--- Source material ---

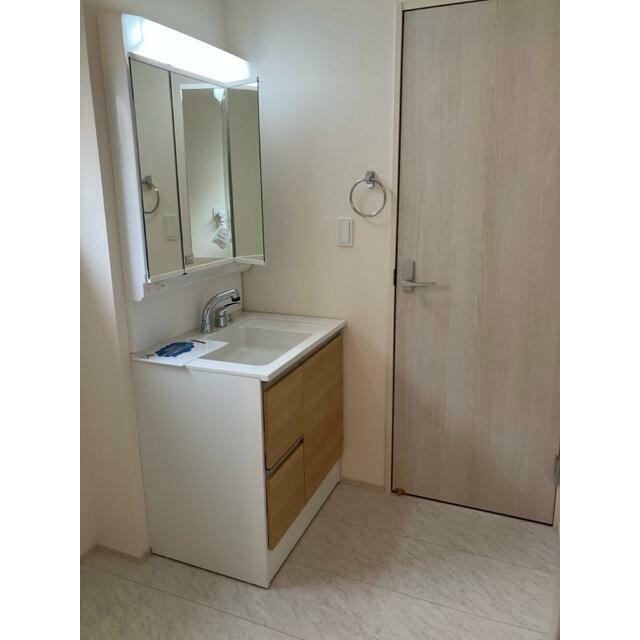 朝のお化粧から夜のスキンケアまで幅広く対応（7号棟）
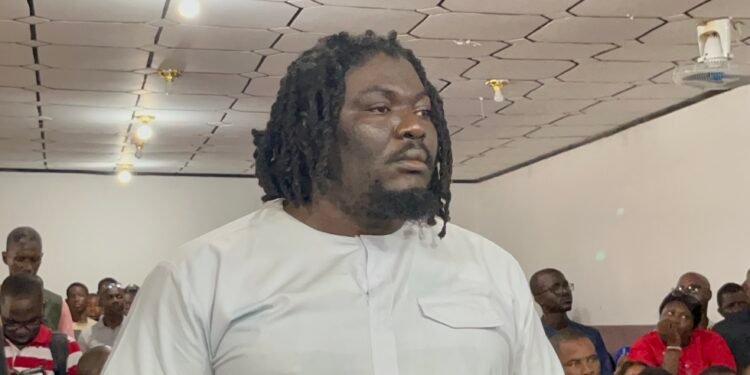 Procès de Singleton : le tribunal rejette la demande de liberté provisoire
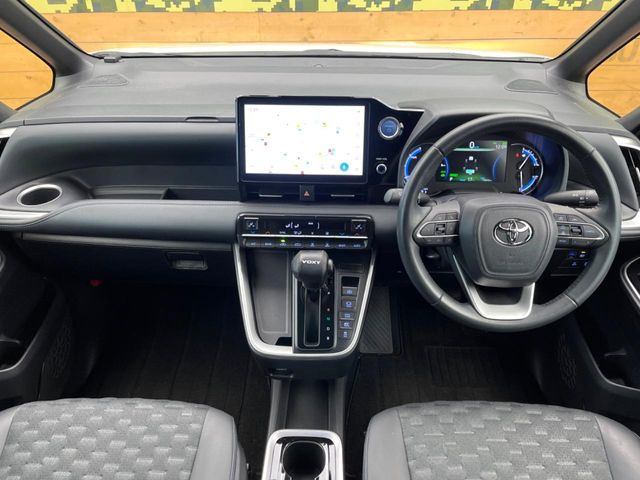 ヴォクシー1.8 ハイブリッド S-Z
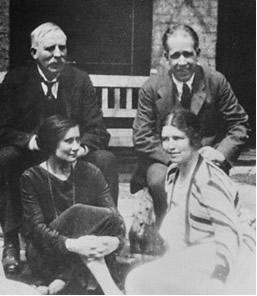 Böhr (à direita), sua esposa à sua frente e ao seu lado Ernest Rutherford (à esquerda)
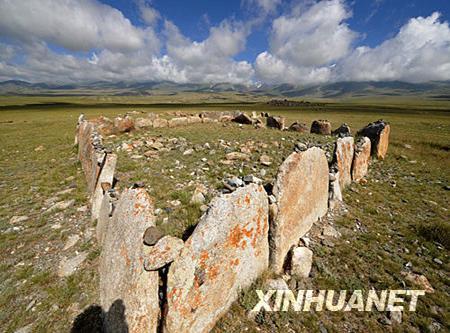 形态怪异巨型石像现身天山深谷(组图)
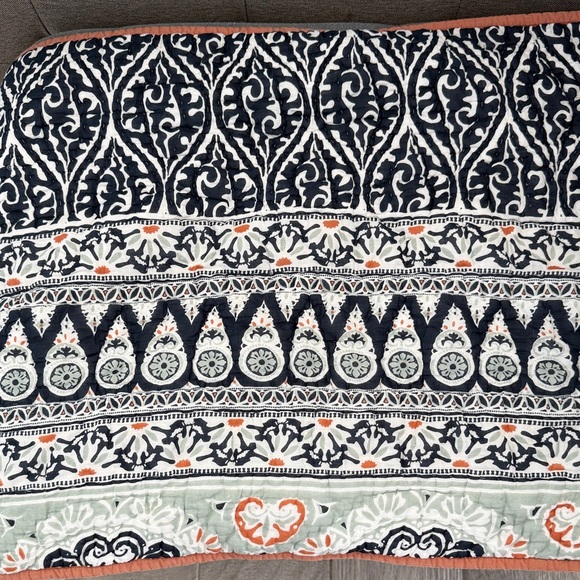 Pottery Barn Full/Queen Quilt and Standard Shams - Picture 11 of 13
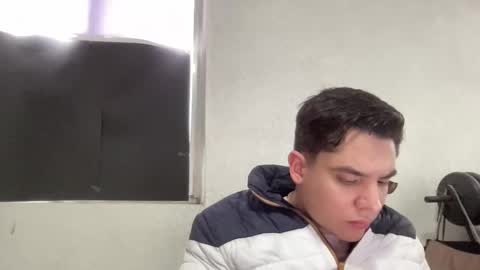 garypinepineapple online show from 06-07-26, 02:43
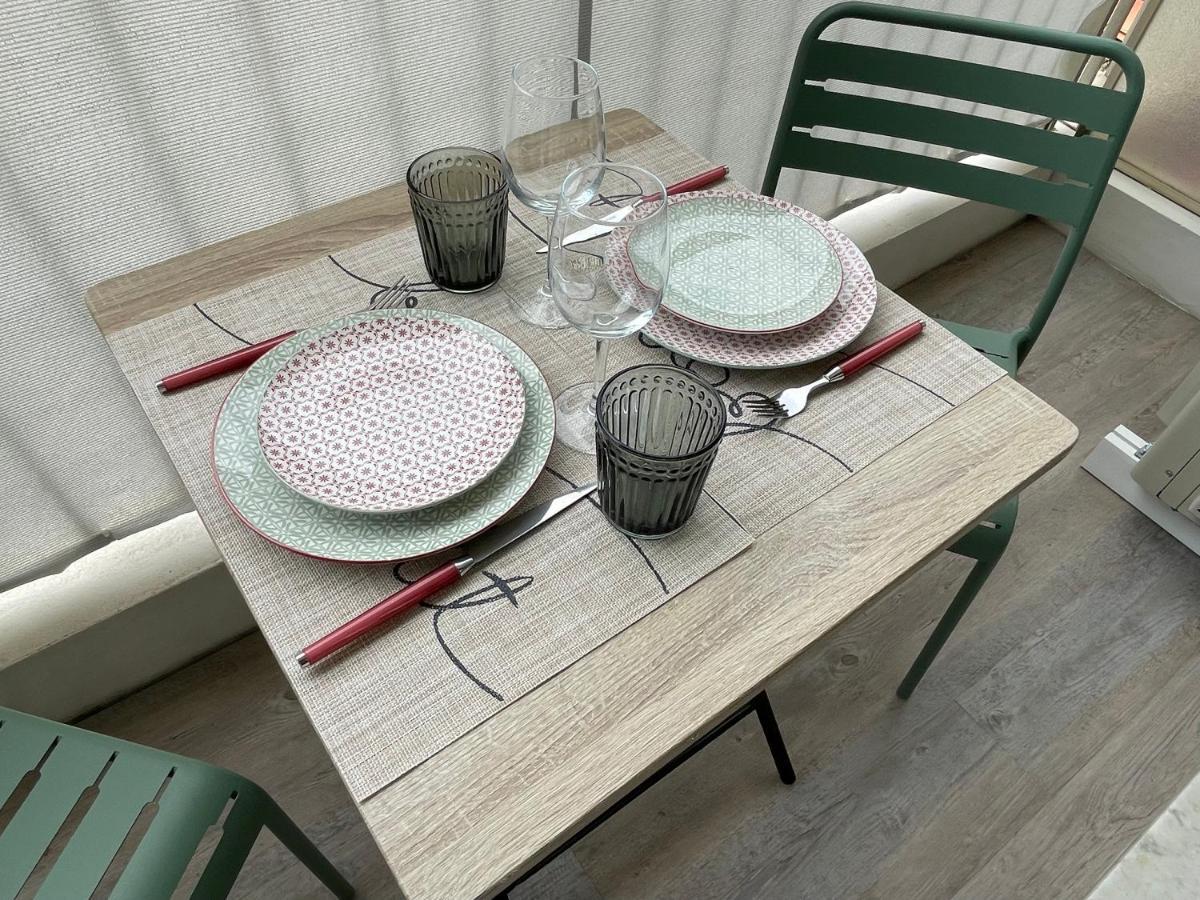 La Room: Seaside Apartment + Terrace + Parking Menton Luaran gambar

---

**Assignment**
Please write out all the data word for word, but keep every picture out.

**Output**
 朝のお化粧から夜のスキンケアまで幅広く対応（7号棟）
 Procès de Singleton : le tribunal rejette la demande de liberté provisoire
 ヴォクシー1.8 ハイブリッド S-Z
 Böhr (à direita), sua esposa à sua frente e ao seu lado Ernest Rutherford (à esquerda)
 形态怪异巨型石像现身天山深谷(组图)
 Pottery Barn Full/Queen Quilt and Standard Shams - Picture 11 of 13
 garypinepineapple online show from 06-07-26, 02:43
 La Room: Seaside Apartment + Terrace + Parking Menton Luaran gambar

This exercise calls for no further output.